We must therefore occasionally compact our SSTables, i.e. merge smaller SSTables into a larger ones.
SSTables are tiered. When a memtable is flushed, a level 0 SSTable is created. When we have “way too many” SSTables, we initiate a compaction: gather all level 0 SSTables and merge them into a single level 1 SSTable.
When we have enough level 1 SSTables, we merge them to level 2. At the time of writing, SandDB only merges upto level 2. We also merge several level 2 SSTables into one if there are too many of them.
We only pay the cost of compaction once in a while.
Manifest
An additional file called manifest is kept around to track the SSTables and their metadata. It includes:
- ID of the manifest file, using which we can derive the filename.
- It’s level.
- The key range.
Each time an SSTable is added or removed, the manifest is updated to reflect the same.

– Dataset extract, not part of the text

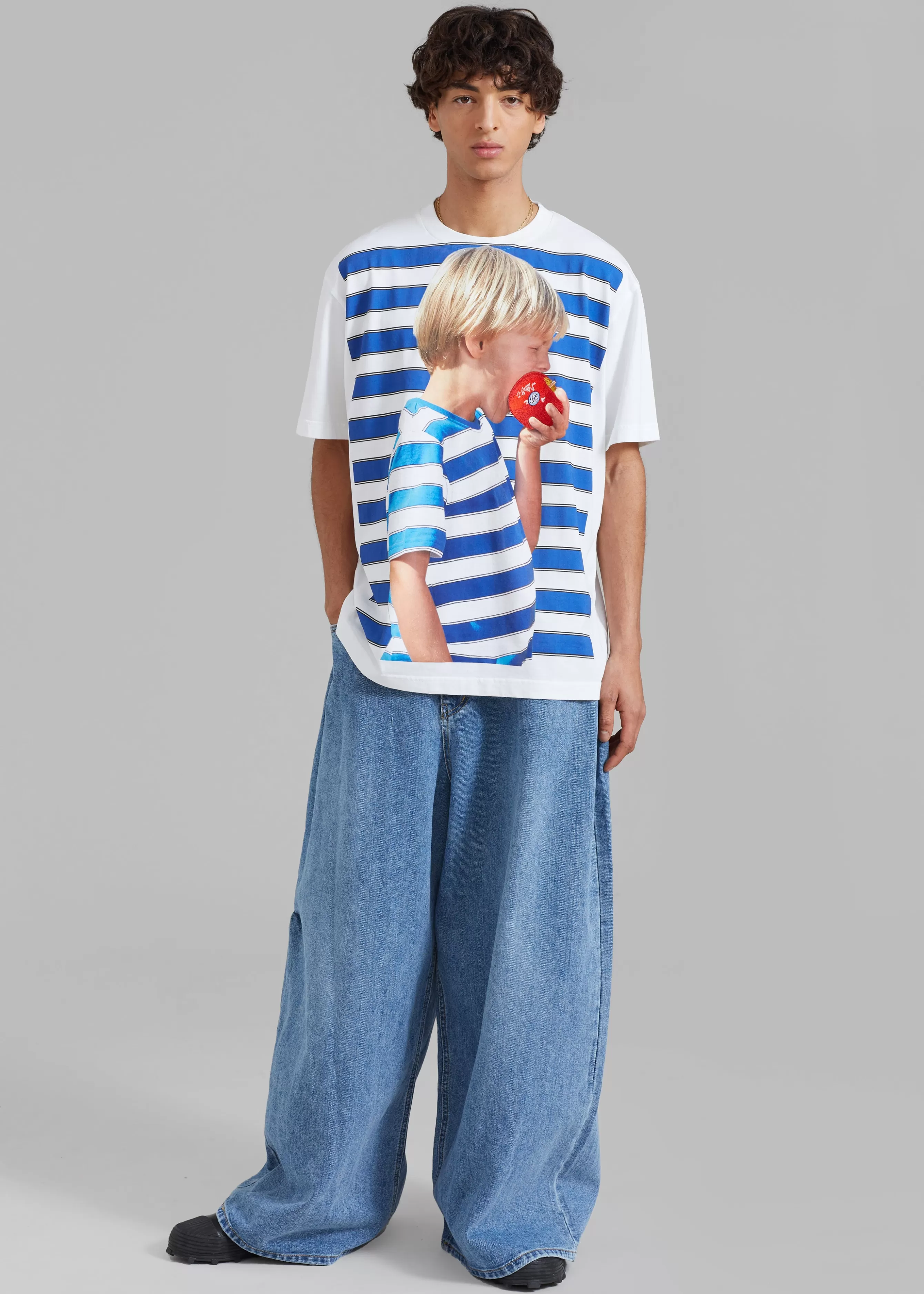 Men The Frankie Shop Jw Anderson Boy With Apple Oversized T-Shirt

When querying, the reader looks at the manifest and figures out which SSTables might contain the key it is looking for and reads those in the order of their (ID, level). The ordering matters because we want to ensure we look in the most recently written SSTables first.
We only open the SSTables which the manifest tells us might contain our key. This way we don’t have to open every single SSTable and we save reads and syscalls.
We can also go beyond having a key range and add per-SSTable bloom filters in the manifest. This would further reduce the number of files we would have to open and read. I plan to implement this sometime later in future.
The manifest file is a WAL-style file. When a new SSTable is added, an entry saying “added sst x” is appended to the file. Similarly, when an SSTable is deleted, an entry saying “deleted sst x” is inserted.
Why do this instead of rewriting the manifest? For atomicity (and possibly for isolation, in future).
If we replace the entire contents of manifest instead of appending, a reader in the middle of reading manifest might end up reading first half of the file before the sst was added and the later half after.
I will admit that SandDB does not yet allow concurrent read/write, however I do see myself sitting down to implement it in future. Soon (TM).
I have documented manifest file’s format here here if you are interested.